I came across an interview with Peter Gomes, while I was catching up on my periodical reading on a plane this week. It’s from the Winter 2009 Harvard Divinity Bulletin. Gomes is a professor at Harvard and minister of Harvard Memorial Church. He makes some fascinating comments about preaching. He suggests that preachers too often back off: “There’s a culture of caution that the church is built on that most preachers are unwilling to challenge…once the preachers discover what the task is, they back off….You don’t want to bite the hand that feeds you. So the result is, you don’t feed them very much. It’s almost a deal — ‘If you don’t disturb us, we won’t disturb you.’ But preaching is essentially a disturbing act. It offers something that is not there. It criticizes something that is there. And it is based on something that is yet to come.
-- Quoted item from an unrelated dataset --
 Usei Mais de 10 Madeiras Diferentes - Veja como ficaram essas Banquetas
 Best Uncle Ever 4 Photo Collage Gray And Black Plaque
Preachers are basically unwilling to make that kind of statement to people whom they either love or fear, and in some cases both.”
Gomes offers a different perspective from Meg Hess’ comments (see my post of April 24) on dealing with difficult issues in preaching. I think the problem with preaching that aims to disturb is that the preacher often delivers the message anxiously and willfully, which makes it much harder for people to hear and formulate their own thoughts. Courageous preaching is important, but we need to find our own clarity and calm as we deliver those messages.
What are your thoughts on the disturbing nature of preaching? Have you heard a disturbing sermon? Delivered one? Thinking about delivering one?
2 replies on “Is Preaching Disturbing?“
Thanks, Jason. Perhaps one approach is to be honest about the way these texts disturb us, too.
Rev Jason Gamble
I’ve always tried to stay closely to the Biblical passage in preaching, exegeting not eisegeting. So if the passage says ‘forgive 7 times 77’ the message is about extreme forgiveness. If the passage deals with eternal damnation as the result of a callous neglect of the poor in one’s earthly lifetime, ie Luke’s parable of Lazarus the beggar and the Rich Man, then that is what I try to preach. Disturbed people sometimes leave our congregations, that’s just inevitable.
A professor from Princeton told me that if some people were not leaving our congregations then we must be spending too much time trying to make them all happy (keeping them from being disturbed).